1 国全体の経済政策と制度の適切性をマクロ経済学の観点から評価できること。
2 マクロ経済学の基礎である、国民所得・雇用・利子率・国際収支について説明できること。
3 IS-LMモデル、成長モデル、国際マクロモデルを説明できること。
<到達目標>
学生は、本科目での学習を通じて、以下のような目標に到達することが期待される。
1 国民経済の決定要素について説明できる。
2 財政政策と金融政策の内容について説明できる。
3 IS-LM分析を説明できる。
4 経済成長について、ソロー・モデルを使って説明できる。
5) 開放経済下での国民経済の変化を説明できる。
<授業の方法>
すべてオンラインで実施する。
ZOOMによるライブ形式にて実施する。
中間・期末テストもオンラインで実施する。
Zoomミーティングに参加する
https://us02web.zoom.us/j/89433272774?pwd=VStURUJFTkoreXhUZWNBQlI5Unc2Zz09
ミーティングID: 894 3327 2774
パスコード: 389402




講義は毎回以下のようなサイクルで実施される。
(1) 前回の講義での小テストの結果が、学生に返却される。
(2) 小テストの内容を教員が簡単にレビューする。
(3) 予定されたテーマで講義が行われる。
講義の主な内容は、教科書の内容に即しているが、完全に一致はしない。
適宜、補足や修正がなされた内容で、講義が実施される。
(4) その日の講義の内容に関する小テストが実施される。
<成績評価の方法>
No評価項目割合評価の観点
1試験:期末期 40  %IS-LM分析・国際経済モデル・成長モデルを理解できているかを評価する 
2試験:中間期 40  %基礎的な国民経済計算を理解できているかを評価する 
3小テスト/レポート 20  %理解力 
<受講に際して・学生へのメッセージ>
マクロ経済学は、経済学を専攻する上で、最優先で身につけるべき知識の1つである。また、マクロ経済学を理解することは、社会に出てから、現実の経済の状況とそれに関する政策を理解し、それに対応できる能力を身につけることを意味する。

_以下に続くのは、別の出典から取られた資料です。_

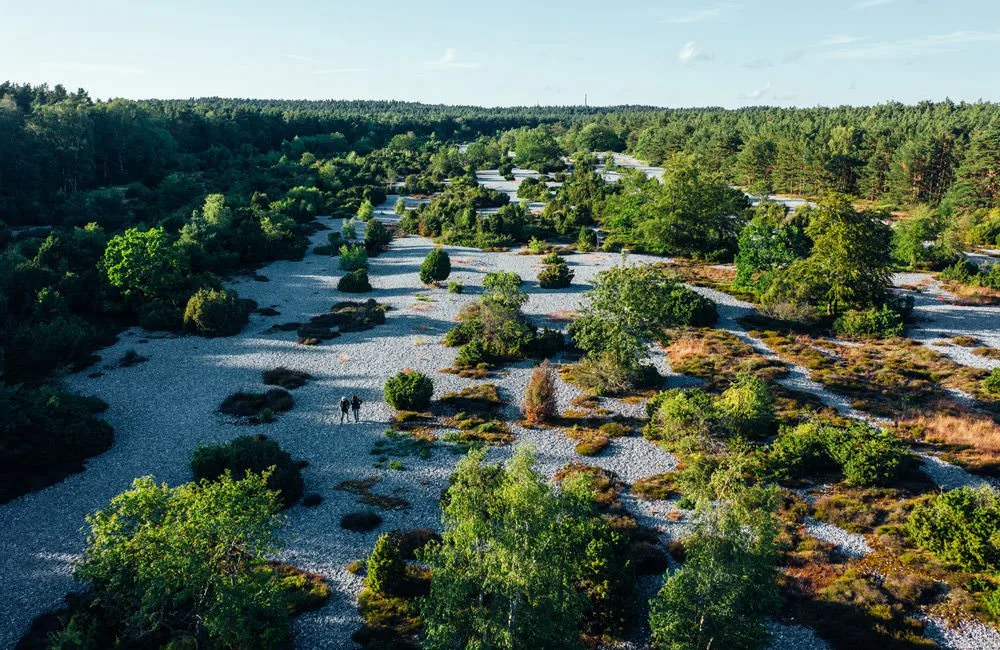 Feuersteinfeld bei Neu Mukran auf Rügen - Foto: Gänsike/TMV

折しも、日本では、新しいマクロ経済政策が導入されつつある。本科目での学習を通じて、現実の経済の動きを分析することは、本科目での学習が、単なる机上の理論ではなく、実際に役に立つ学問を学習することにつながるであろう。さらには、地域の持続可能な食料生産について、地域のマクロ政策を応用することが可能である。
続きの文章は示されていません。